Each record should be reproduced exactly.

DATA TO USE:
====================
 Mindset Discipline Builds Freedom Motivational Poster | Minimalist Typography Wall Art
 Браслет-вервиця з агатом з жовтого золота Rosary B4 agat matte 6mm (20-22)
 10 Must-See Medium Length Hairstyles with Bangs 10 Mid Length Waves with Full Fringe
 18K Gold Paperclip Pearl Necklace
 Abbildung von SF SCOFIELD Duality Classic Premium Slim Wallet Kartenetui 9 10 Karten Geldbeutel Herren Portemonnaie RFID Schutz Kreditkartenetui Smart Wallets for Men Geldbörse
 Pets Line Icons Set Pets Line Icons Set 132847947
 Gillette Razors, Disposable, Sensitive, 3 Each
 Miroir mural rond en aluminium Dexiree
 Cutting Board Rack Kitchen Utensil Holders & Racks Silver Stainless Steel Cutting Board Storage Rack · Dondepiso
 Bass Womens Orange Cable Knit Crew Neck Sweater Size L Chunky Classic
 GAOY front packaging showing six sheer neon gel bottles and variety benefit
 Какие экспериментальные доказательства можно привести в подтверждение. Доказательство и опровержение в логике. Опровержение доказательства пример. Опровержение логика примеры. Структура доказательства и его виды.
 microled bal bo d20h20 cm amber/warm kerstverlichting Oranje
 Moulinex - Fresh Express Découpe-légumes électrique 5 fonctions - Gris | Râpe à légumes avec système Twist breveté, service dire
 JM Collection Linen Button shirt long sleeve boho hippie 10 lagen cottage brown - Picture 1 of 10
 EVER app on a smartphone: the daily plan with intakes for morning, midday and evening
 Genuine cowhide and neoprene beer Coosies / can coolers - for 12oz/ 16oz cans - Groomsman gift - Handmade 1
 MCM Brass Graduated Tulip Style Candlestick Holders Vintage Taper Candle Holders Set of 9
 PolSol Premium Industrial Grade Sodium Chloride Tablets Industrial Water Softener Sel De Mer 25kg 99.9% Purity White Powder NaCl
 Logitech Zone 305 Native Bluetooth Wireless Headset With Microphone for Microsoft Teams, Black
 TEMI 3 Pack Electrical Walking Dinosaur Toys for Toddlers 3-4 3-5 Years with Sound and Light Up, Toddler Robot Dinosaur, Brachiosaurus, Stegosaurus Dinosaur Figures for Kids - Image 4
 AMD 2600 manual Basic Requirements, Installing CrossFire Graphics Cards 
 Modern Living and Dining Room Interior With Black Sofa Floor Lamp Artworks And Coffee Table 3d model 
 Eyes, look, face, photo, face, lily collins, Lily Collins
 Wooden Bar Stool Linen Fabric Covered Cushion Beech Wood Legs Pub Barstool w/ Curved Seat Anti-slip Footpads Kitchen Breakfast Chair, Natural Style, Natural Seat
====================
ANSWER TO THIS PROBLEM:
 Mindset Discipline Builds Freedom Motivational Poster | Minimalist Typography Wall Art
 Браслет-вервиця з агатом з жовтого золота Rosary B4 agat matte 6mm (20-22)
 10 Must-See Medium Length Hairstyles with Bangs 10 Mid Length Waves with Full Fringe
 18K Gold Paperclip Pearl Necklace
 Abbildung von SF SCOFIELD Duality Classic Premium Slim Wallet Kartenetui 9 10 Karten Geldbeutel Herren Portemonnaie RFID Schutz Kreditkartenetui Smart Wallets for Men Geldbörse
 Pets Line Icons Set Pets Line Icons Set 132847947
 Gillette Razors, Disposable, Sensitive, 3 Each
 Miroir mural rond en aluminium Dexiree
 Cutting Board Rack Kitchen Utensil Holders & Racks Silver Stainless Steel Cutting Board Storage Rack · Dondepiso
 Bass Womens Orange Cable Knit Crew Neck Sweater Size L Chunky Classic
 GAOY front packaging showing six sheer neon gel bottles and variety benefit
 Какие экспериментальные доказательства можно привести в подтверждение. Доказательство и опровержение в логике. Опровержение доказательства пример. Опровержение логика примеры. Структура доказательства и его виды.
 microled bal bo d20h20 cm amber/warm kerstverlichting Oranje
 Moulinex - Fresh Express Découpe-légumes électrique 5 fonctions - Gris | Râpe à légumes avec système Twist breveté, service dire
 JM Collection Linen Button shirt long sleeve boho hippie 10 lagen cottage brown - Picture 1 of 10
 EVER app on a smartphone: the daily plan with intakes for morning, midday and evening
 Genuine cowhide and neoprene beer Coosies / can coolers - for 12oz/ 16oz cans - Groomsman gift - Handmade 1
 MCM Brass Graduated Tulip Style Candlestick Holders Vintage Taper Candle Holders Set of 9
 PolSol Premium Industrial Grade Sodium Chloride Tablets Industrial Water Softener Sel De Mer 25kg 99.9% Purity White Powder NaCl
 Logitech Zone 305 Native Bluetooth Wireless Headset With Microphone for Microsoft Teams, Black
 TEMI 3 Pack Electrical Walking Dinosaur Toys for Toddlers 3-4 3-5 Years with Sound and Light Up, Toddler Robot Dinosaur, Brachiosaurus, Stegosaurus Dinosaur Figures for Kids - Image 4
 AMD 2600 manual Basic Requirements, Installing CrossFire Graphics Cards 
 Modern Living and Dining Room Interior With Black Sofa Floor Lamp Artworks And Coffee Table 3d model 
 Eyes, look, face, photo, face, lily collins, Lily Collins
 Wooden Bar Stool Linen Fabric Covered Cushion Beech Wood Legs Pub Barstool w/ Curved Seat Anti-slip Footpads Kitchen Breakfast Chair, Natural Style, Natural Seat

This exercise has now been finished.